Due to its positioning in the Asia Pacific region, and particularly in the South China Sea, Taiwan has seen signs of aggression from all the sides. The US is even trying to entice Taiwan to work with it on trade, which could well be one of the reasons why China is taking a harder stance.

There are clear signs that China is looking to enhance the influence that it exerts in the region at present, but in the face of its strong words, Taiwan apparently has no plan of taking any threats lying down.

Taiwan is now looking to diminish its reliance on China. Xi Jinping asserted that he will not object to using military force to bring Taiwan back under China’s control. It would seem that Taiwan’s best assurance is to refuse to stay isolated on the matter and work on bilateral trade with other nations.

At present, 40% of Taiwan’s exports go to China, accounting for nearly 50% of Taiwan’s GDP. Taiwanese President Tsai Ing-wen introduced the New Southbound Policy, a document that sets out intentions to get new investment from other South Asian nations., especially India.

The Taiwan External Trade Development Council will be working to achieve this, and Chairperson James Huang has called India “the jewel in our external economic strategy.” India’s mass labour market, low wages and skill in electronics are well suited to the Taiwanese tech sector.

With India’s aim to grow its GDP by 8%-10% and its population set to overtake China’s, there could well be a developing battle between the two nations to establish themselves as dominant powers in the burgeoning tech market. China is beginning to feel the effects of a trade war between itself and the US.

Taiwan is likely to struggle with growth if it cannot establish bases in other countries due to its shortages in land and energy capacity. Forming agreements with nations such as India could, therefore, help Taiwan to flourish, reduce its reliance on China, and gain support from elsewhere.

Earlier Reports

Chinese Premier Xi Jinping has made it clear that China will not compromise Taiwan at any cost. In a speech, on Wednesday in Beijing, he said unification of Taiwan with the mainland is ‘inevitable’.

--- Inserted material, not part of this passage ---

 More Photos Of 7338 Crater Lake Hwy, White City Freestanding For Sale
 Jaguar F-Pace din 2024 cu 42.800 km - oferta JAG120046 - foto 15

Xi stressed China’s tough stance that they will not hesitate to use force. “We do not promise to renounce the use of force and reserve the option to use all necessary measures.” The island province of Taiwan slipped away from the mainland in 1949 when the Communist Party seized China in a civil war. The Nationalist Kuomintang army fled to Taiwan.

Beijing reverberated ‘democratic consultations’ but with a threat that Taiwan has to reunify with mainland China. Xi reiterated the Communist Party’s call to end military confrontation across the Taiwan Strait and to reach transitional arrangements for the peaceful development of cross-strait ties.

According to RFi, China, on January 1 of 1979, asked the Taiwanese compatriots to put an end to hostilities, pleading for reunification, but the United States adopted the ‘Taiwan Relations Act’ on the same day.

“The Act stated that any effort to determine the future of Taiwan by other than peaceful means is of grave concern to the US.” Experts say that Beijing’s tough stance is, in fact, to do with foreign forces who seek to interfere in its relations with the island province. In March 2018, the Chinese Embassy in Washington in a strongly worded statement protested US’s ‘Taiwan Travel Act’. The statement said the Act had severely violated the one-China principle. It further stated that the US should stop pursuing any official ties with Taiwan or improving its current relations with Taiwan in any substantive way.

Military analyst Ni Lexiong says China has been using both hard and soft approaches with Taiwan. “Military deterrence towards the separatists and the Americans, and incentives trying to appeal to the general Taiwanese people.